◆ RECORDS FOR THIS TASK
___

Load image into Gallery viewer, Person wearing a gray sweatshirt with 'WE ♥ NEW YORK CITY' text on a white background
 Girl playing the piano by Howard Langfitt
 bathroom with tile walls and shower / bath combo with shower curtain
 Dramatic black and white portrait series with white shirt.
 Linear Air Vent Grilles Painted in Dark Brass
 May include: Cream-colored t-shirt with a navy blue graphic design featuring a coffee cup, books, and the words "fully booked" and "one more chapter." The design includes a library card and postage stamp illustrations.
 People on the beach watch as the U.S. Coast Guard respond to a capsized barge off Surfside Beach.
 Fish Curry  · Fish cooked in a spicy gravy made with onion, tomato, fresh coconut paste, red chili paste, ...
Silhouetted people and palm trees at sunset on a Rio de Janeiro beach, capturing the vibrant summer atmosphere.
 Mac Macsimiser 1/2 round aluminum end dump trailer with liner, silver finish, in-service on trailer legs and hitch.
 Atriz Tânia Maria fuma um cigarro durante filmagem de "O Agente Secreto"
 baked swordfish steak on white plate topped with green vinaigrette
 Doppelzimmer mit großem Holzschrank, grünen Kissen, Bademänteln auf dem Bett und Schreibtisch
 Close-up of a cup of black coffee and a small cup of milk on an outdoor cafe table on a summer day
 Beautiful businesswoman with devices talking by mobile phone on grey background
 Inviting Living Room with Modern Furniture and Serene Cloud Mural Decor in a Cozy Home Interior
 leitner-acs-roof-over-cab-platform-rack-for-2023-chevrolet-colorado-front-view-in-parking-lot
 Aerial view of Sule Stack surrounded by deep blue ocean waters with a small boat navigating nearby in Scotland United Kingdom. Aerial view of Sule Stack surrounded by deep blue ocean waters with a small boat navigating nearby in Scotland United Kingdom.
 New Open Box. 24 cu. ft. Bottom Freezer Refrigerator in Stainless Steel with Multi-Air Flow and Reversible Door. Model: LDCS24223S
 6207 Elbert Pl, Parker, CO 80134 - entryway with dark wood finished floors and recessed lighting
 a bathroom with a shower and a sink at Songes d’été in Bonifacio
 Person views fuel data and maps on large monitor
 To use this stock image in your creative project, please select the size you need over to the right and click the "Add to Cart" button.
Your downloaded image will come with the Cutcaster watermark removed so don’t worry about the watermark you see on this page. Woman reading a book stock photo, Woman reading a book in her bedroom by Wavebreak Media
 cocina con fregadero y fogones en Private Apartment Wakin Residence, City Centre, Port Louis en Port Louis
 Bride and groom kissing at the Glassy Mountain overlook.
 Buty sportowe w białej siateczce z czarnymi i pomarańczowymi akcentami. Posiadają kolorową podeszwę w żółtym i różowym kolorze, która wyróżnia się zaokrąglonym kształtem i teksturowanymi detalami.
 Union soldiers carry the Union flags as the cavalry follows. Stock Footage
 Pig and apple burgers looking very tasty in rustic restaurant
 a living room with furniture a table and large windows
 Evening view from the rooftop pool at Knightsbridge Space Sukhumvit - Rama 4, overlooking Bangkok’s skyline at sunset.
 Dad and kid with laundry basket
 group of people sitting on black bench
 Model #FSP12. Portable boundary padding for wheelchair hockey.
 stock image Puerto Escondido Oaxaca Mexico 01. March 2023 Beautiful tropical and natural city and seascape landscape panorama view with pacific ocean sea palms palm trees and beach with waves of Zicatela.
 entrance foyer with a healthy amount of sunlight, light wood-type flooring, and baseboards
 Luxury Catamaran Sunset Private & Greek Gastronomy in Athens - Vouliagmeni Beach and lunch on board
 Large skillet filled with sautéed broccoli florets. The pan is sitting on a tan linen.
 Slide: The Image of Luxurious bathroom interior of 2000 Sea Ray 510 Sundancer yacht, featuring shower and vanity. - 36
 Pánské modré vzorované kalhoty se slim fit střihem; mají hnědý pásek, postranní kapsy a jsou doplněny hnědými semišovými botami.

___

Copy range, inclusive: the line holding "chili paste, ..." to the line holding "baked swordfish steak". Reproduce exactly those lines of the records above and no others.

◆ TASK ANSWER
 Fish Curry  · Fish cooked in a spicy gravy made with onion, tomato, fresh coconut paste, red chili paste, ...
Silhouetted people and palm trees at sunset on a Rio de Janeiro beach, capturing the vibrant summer atmosphere.
 Mac Macsimiser 1/2 round aluminum end dump trailer with liner, silver finish, in-service on trailer legs and hitch.
 Atriz Tânia Maria fuma um cigarro durante filmagem de "O Agente Secreto"
 baked swordfish steak on white plate topped with green vinaigrette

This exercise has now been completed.